When Robert Louis Stevenson said “It is a better thing to travel hopefully than to arrive”, he had clearly never travelled on the road I was on. Had he done so, the “arriving” part might suddenly have seemed infinitely more attractive to him and a famous quotation would never have been born.
We-a group of six British teachers and our local hosts-were travelling by minibus from Medellin, a city in Colombia, through the mountains of south-east Antioquia to the village of Jerico. We had been promised a unique and unforgettable experience, passing through the cloud forest and climbing to a height of two thousand metres. We set off at six am as the sun rose over the city with light hearts, walking shoes and a minibus full of cervezas.

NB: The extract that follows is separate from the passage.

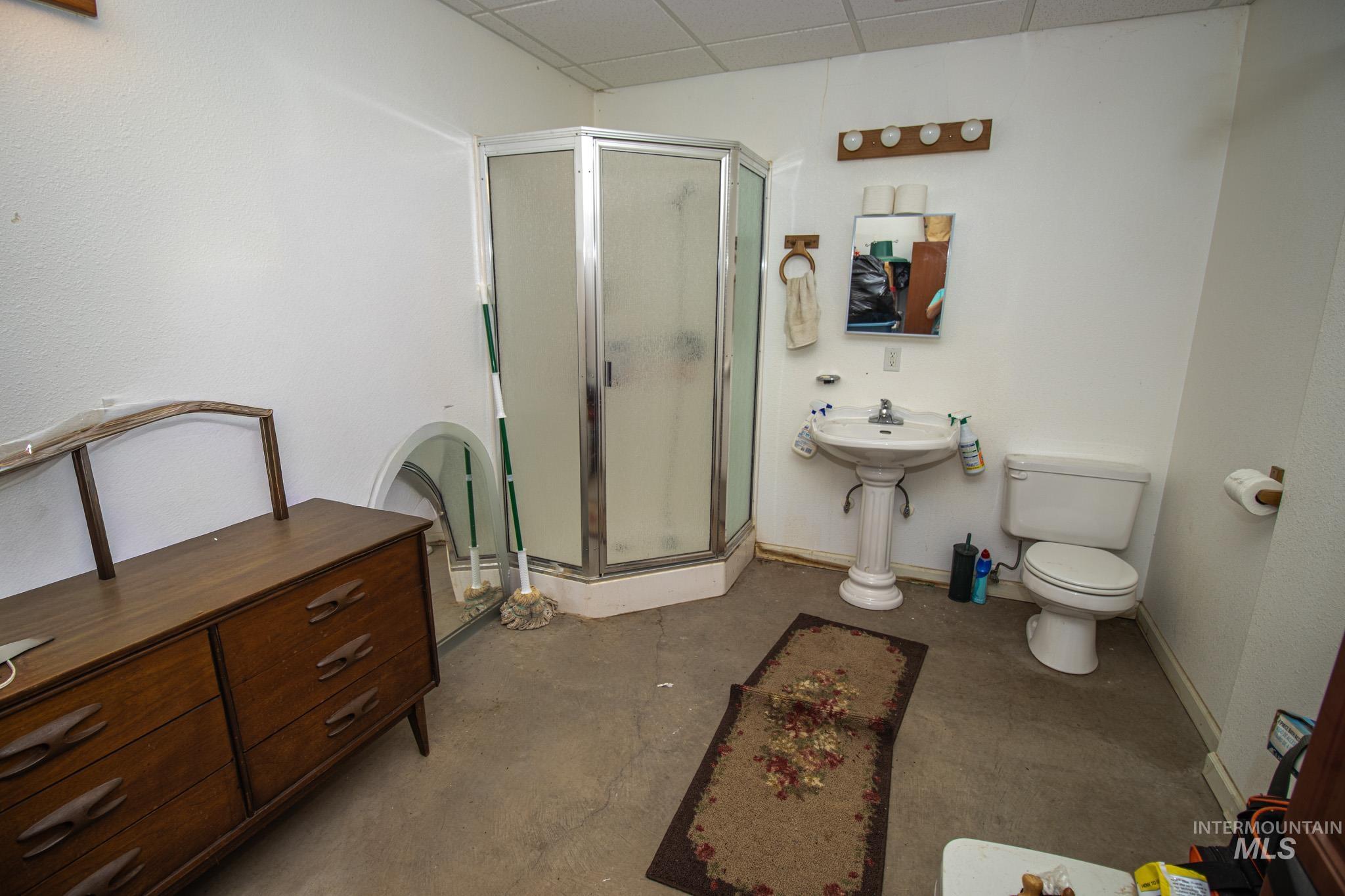 783 Wells Lane, Orofino, Idaho 83544, 3 Bedrooms, 3 Bathrooms, Residential For Sale, Price $515,000,MLS 98990505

It wasn’t as if i hadn’t been warned that Colombia might be dangerous. My parents had promised kidnapping by jungle drug-lords (despite the fact I was staying in a chain hotel in the city), my friends had promised a variety of colourful illnesses and my American cousin had confused the spelling of “Colombia” and “Columbia” and cautioned that South Carolina was extremely hot at that time of year. On reflection, the dead sheep washed onto the road at the bottom of the mountain might also have been a warning but the ability to read signs has never been my strong point and, without my glasses on, I mistook it for a rock anyway.
The minibus, which had seemed a comfortable and suitable vehicle to travel in when we set out, gradually began to seem clumsy and unwieldy on the narrow, twisting mountain roads. We teetered on the edge of sheer mountain side, defying both gravity and common sense. The cheerful voices of the travellers diminished in direct correlation to the increasing danger, until only a suspenseful silence hung in the air. It was only when they began to ache that I realised how tightly my hands were clenched.
Eventually, I asked the leader of our tour whether it was safe to continue. There followed a long exchange between the driver of the minibus and the tour leader, punctuated by grunts, exclamations and what sounded suspiciously like Spanish swearwords. The tour leader then turned to us and said simply “Yes”. Even with my non-existent knowledge of the native language, I was fairly certain this had not been the sum total of the conversation: I was later to learn that the driver had told him at this point that we were almost out of petrol and that, being well over half way to Jerico, we had no choice but to continue.
But the worst was yet to come. From the safety of my hotel room, I had barely registered the recent news reports about landslides in the area, caused by torrential rainfall. However, as the mountain side began to tremble above us, the boundaries between media and reality fell alongside the first loose rocks. There are occasions in life that are impossible to describe to someone who has not experienced them. Monumental moments tend to be subject to cliché. I would like to think it is my originality rather than my materialism that made me think in this moment “Who will post the shoes I listed on Ebay if I die?”
The driver reacted swiftly and with an appropriate level of urgency, speeding up just enough to take us out of immediate danger as earth followed the rocks and began to pile up on the road. Looking back, watching the mountain crashing down behind us and a landscape being permanently altered, I felt small and insignificant. We were later to learn that more than 60 people lost their lives in landslides in the area.
We did, of course, make it to Jerico and it was beautiful, with clouds rolling down the streets, waterfalls gushing down the mountain side and a charmingly unexpected botanic garden. For me, the beauty was magnified by the fragility of my own existence...and a few swiftly consumed cervezas.
Am I glad I made the journey? Perhaps-I was, after all, graced with a vision of Mother Nature at her most powerful and awe-inspiring that few people get to observe in their lifetime. Would I make it again? Not for all the coffee in Colombia.